Fortunately, the email address appeared to be a first initial and a last name. And the name was not a common one. As a matter-of-fact, I had never seen it before…Vieregge, so I did a people search on my computer. First name “T,” last name “Vieregge.” Then I typed in “Texas,” assuming that he might still be in the same state he was born in. And there it was…Terry Vieregge, living in the Dallas area (where he was born), and a phone number.

I called Marianne again. She was terrified but more than willing to make the call (she still lives in the Dallas area; I don’t). And Terry’s posting had specifically said that he was looking for his birth mother (once again, making the assumption that Dad is nowhere to be found).

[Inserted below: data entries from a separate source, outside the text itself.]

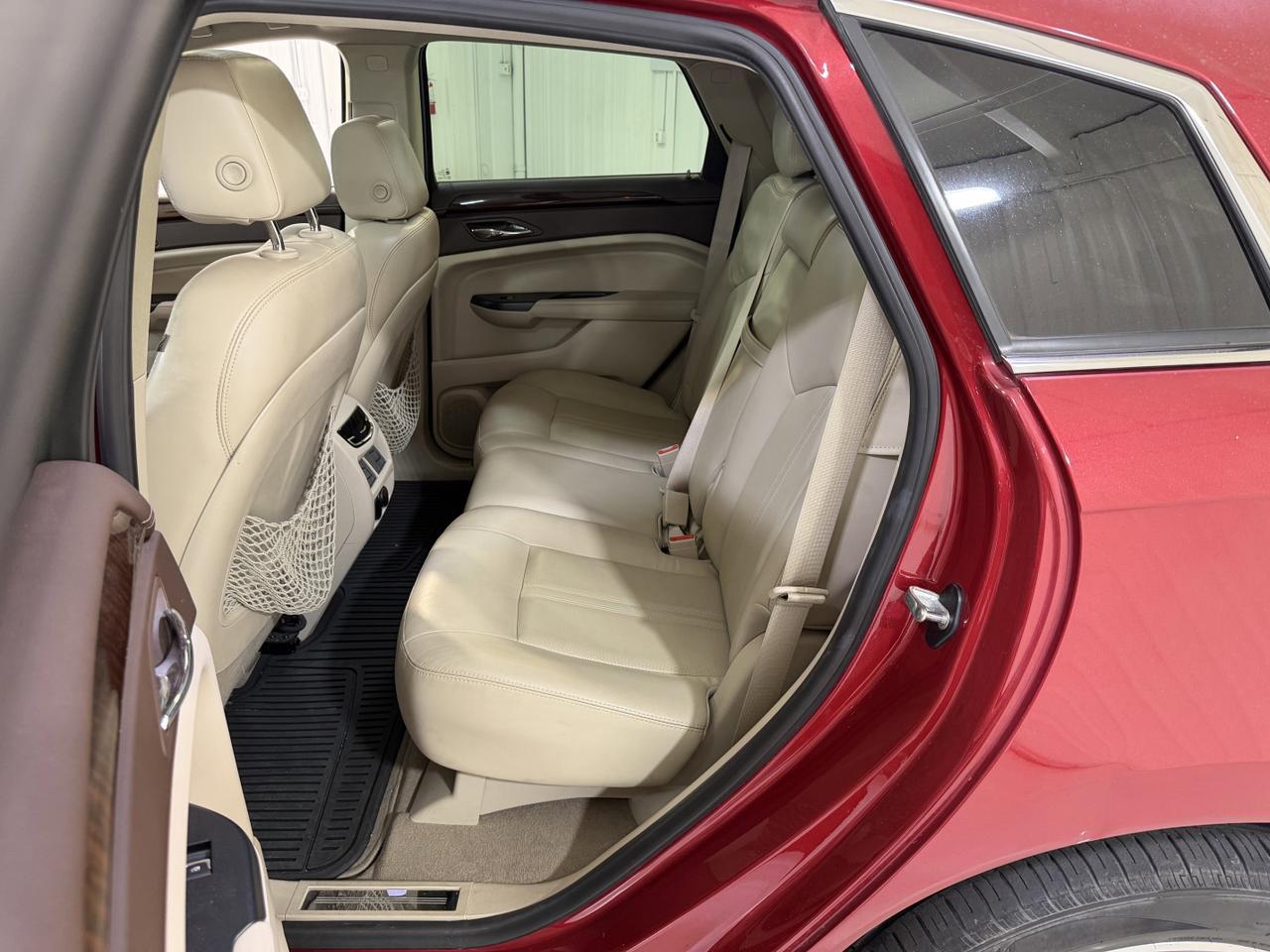 2016 Cadillac SRX Premium Collection San Antonio TX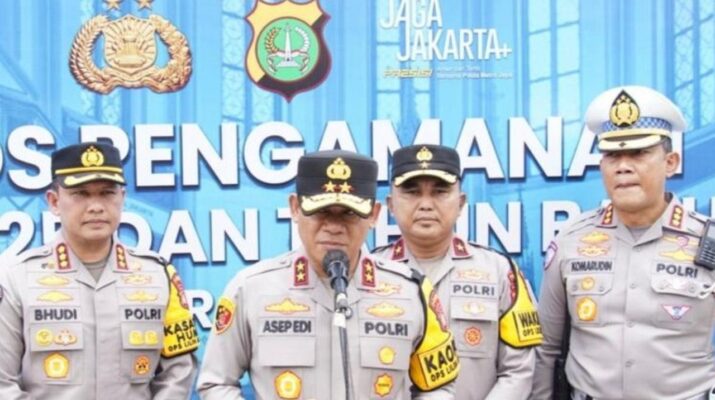 Kapolri Jelaskan Status Bintang Tiga Kapolda Metro Jaya untuk Menjaga Kesetaraan Koordinasi Keamanan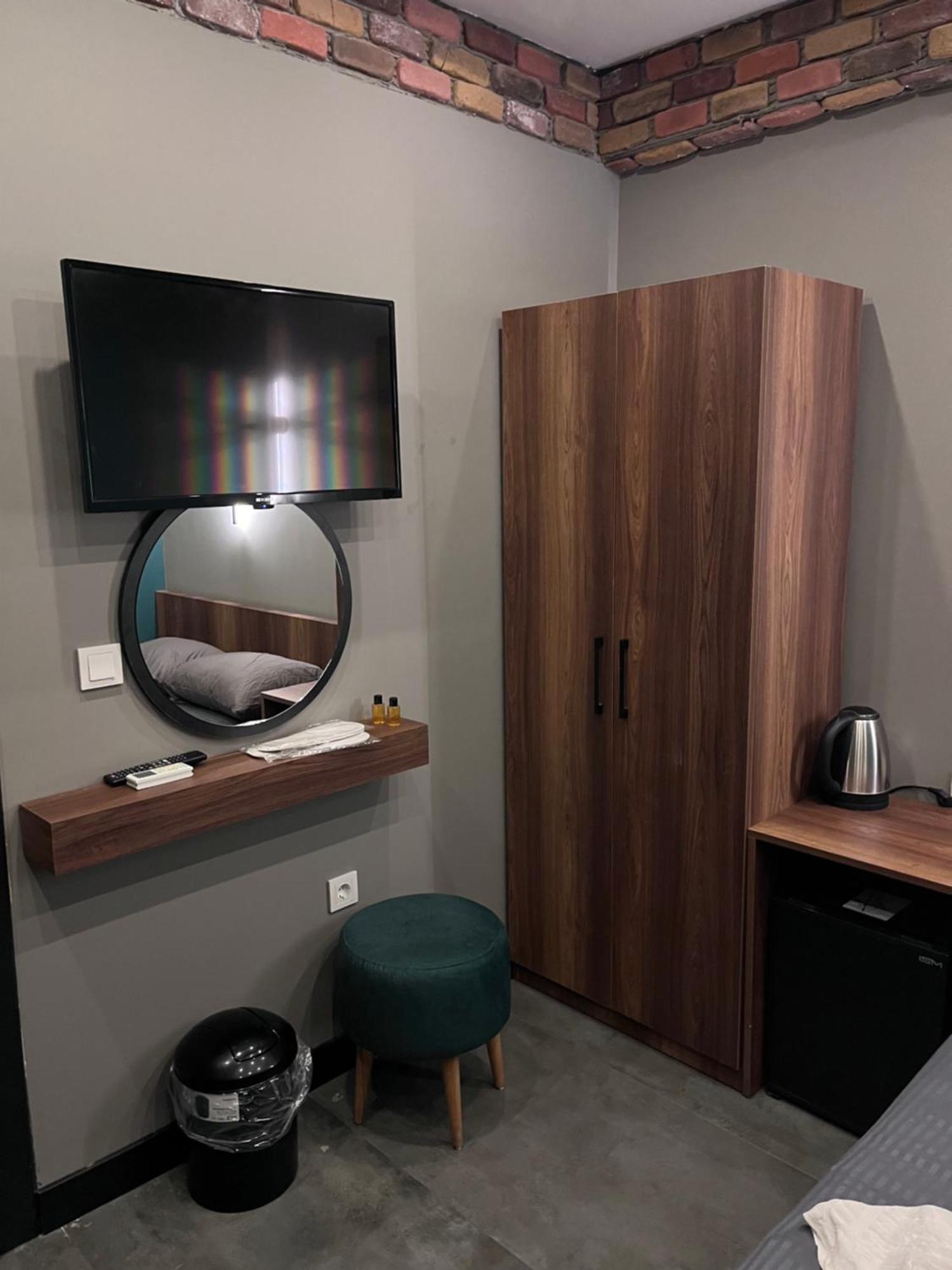Yakamoz Apart Otel Antalya Luaran gambar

Within ten minutes, I was on the phone with Brian, Marianne’s oldest son. It was confirmed; Terry and Marianne were speaking on another phone line. He had a phantom brother who had been killed in Vietnam. Brian was able to hook us up to a three-way call. So, with one call, Terry discovered that not only does he have a mother, but that it was his birth father who found him, and that he has five half-brothers and scores of other relatives.

We learned that his mother and father had both passed away before he had even graduated from high school, so he has been without family for literally half of his life.

Marianne and Terry met that night. It was another week before I could get to Dallas.

We have developed the most incredible relationship. It has almost been a year now. We see each other every chance we get. I am enjoying my daughter-in-law, Dawn, and my four grandkids: Kirstin, Ashlee, Dustin, and Victoria as well. What a miracle this has been. What an enormous blessing for us all.

Some of us Dads do care. We carry these ghosts of our children in our hearts forever. I know that the majority don’t. Their loss, not mine. I have found my son, and I will thank God and Adoption.com until the day I die for giving me a second chance to be the father now that I couldn’t be then!